#### [Work task]
What is needed is a faithful transcription of all the data below, pictures excluded.

#### [Data below]
--------------------------------------------------

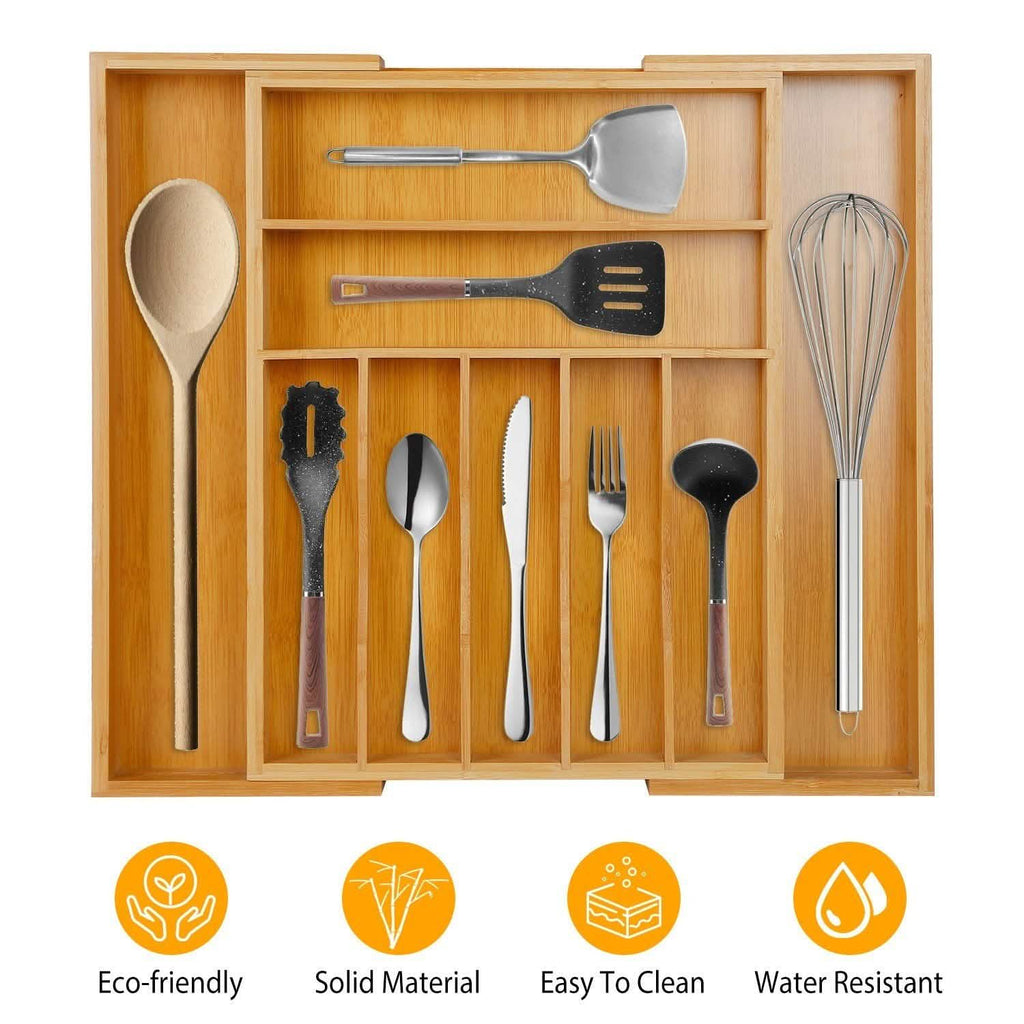 Expandable Bamboo Cutlery Drawer Organizer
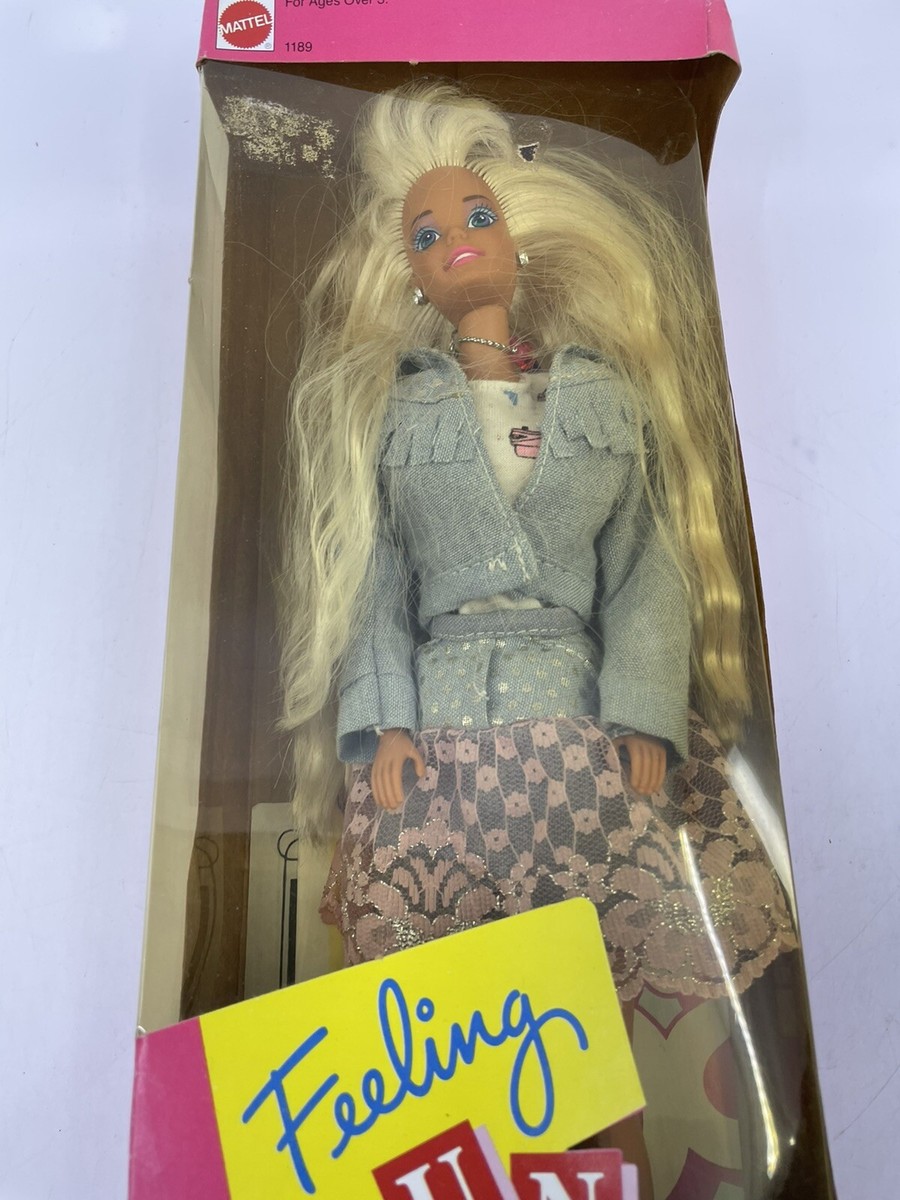Vintage 1988 Barbie “Feeling Fun” Doll Denim & Lace Missing Shoes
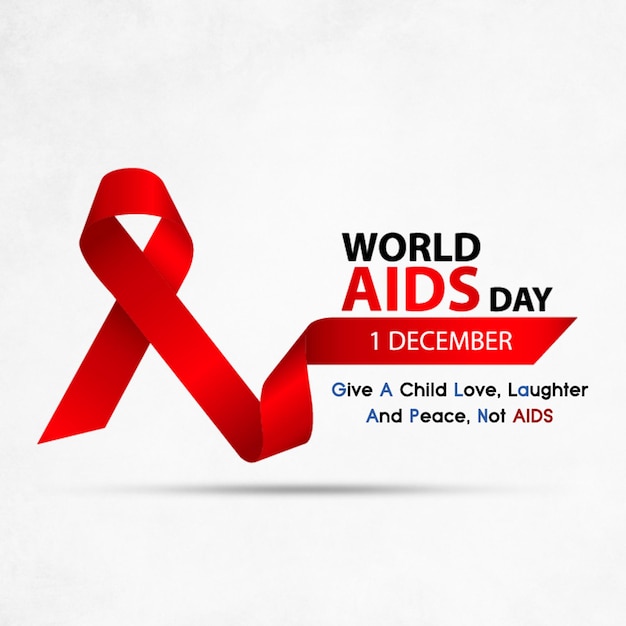 World AIDS Day 1st December social media post banner with red ribbon social media post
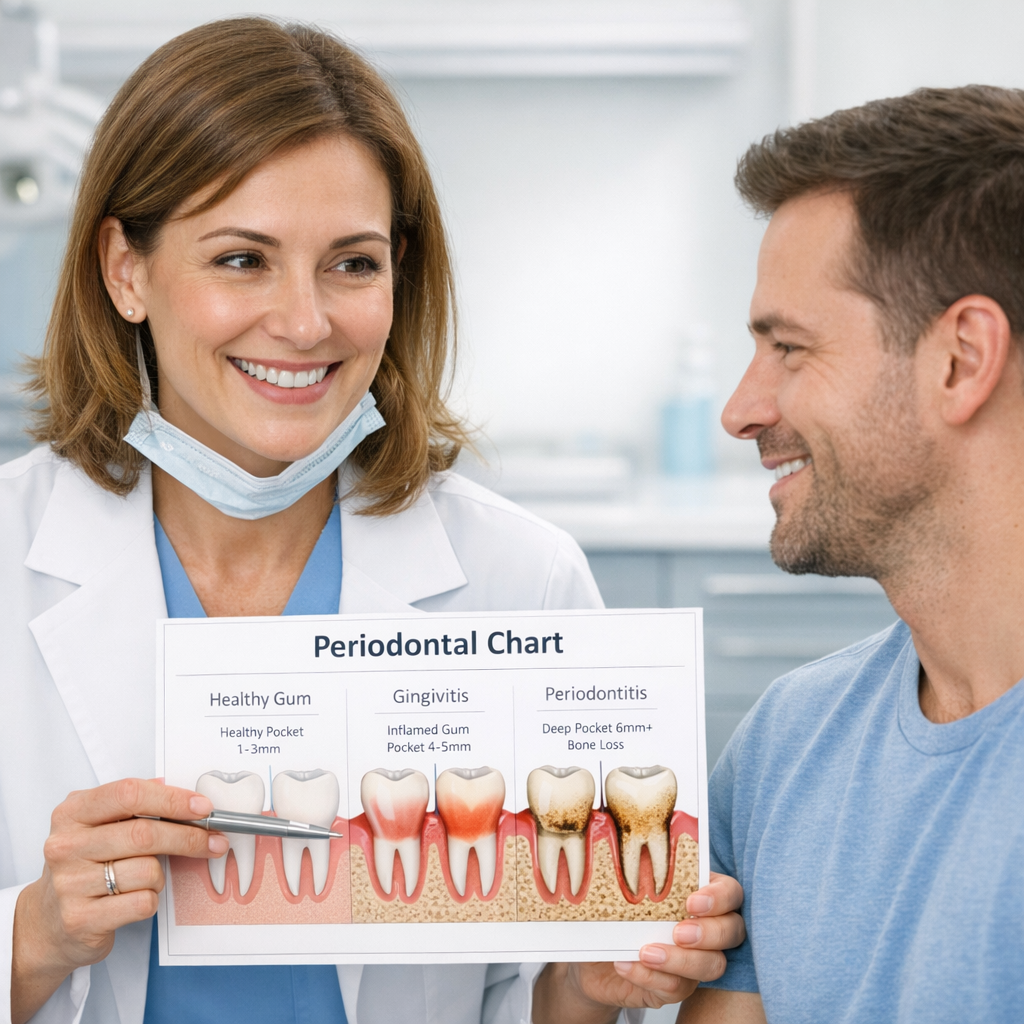 Close-up photorealistic scene of a female dentist explaining a periodontal chart to a seated American patient, bright mode...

--------------------------------------------------

#### [Exercise output]
 Expandable Bamboo Cutlery Drawer Organizer
Vintage 1988 Barbie “Feeling Fun” Doll Denim & Lace Missing Shoes
 World AIDS Day 1st December social media post banner with red ribbon social media post
 Close-up photorealistic scene of a female dentist explaining a periodontal chart to a seated American patient, bright mode...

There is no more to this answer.